Se puede perfecta y ortodoxamente ser católico no siendo aparicionista, como fue el caso, por ejemplo, de Icazbalceta. O teniendo dudas sobre la existencia histórica de Juan Diego. Don Wilberto Jiménez Moreno, notable historiador, católico de corazón y guadalupano reconocía (en una alocución en la Academia de la Historia) que creía en el milagro, pero no en la fecha de 1531, muy difícil de sostener históricamente, sino en 1556, es decir diez años después de la supuesta muerte del ahora beato.

Se ha repetido en estos días que ''la existencia histórica de Juan Diego está probada documentalmente''. Y no es así. En todo caso está a discusión.
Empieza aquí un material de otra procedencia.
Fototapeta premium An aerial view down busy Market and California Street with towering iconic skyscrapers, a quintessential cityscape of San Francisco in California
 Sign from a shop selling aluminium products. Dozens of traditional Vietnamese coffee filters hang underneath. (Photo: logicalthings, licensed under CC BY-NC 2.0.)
Historiadores de la talla de Muñoz, en el siglo XVIII, Icazbalceta en el XIX, De la Maza y Edmundo O'Gorman en el XX, con los documentos en la mano, son de otra opinión.

Pero en todo caso --a menos que haya otro tipo de intereses en el asunto, como por ahí se dice-- ¿vale la pena, fuera de los círculos académicos, reabrir una cuestión tan conflictiva?

Conformémonos con quizá el verdadero milagro: la importancia capital que para nuestra historia ha tenido la imagen del Tepeyac, el hecho innegable de la fe de muchos millones de mexicanos, la abundantísima cantidad de literatura y de obras de arte a que ha dado lugar.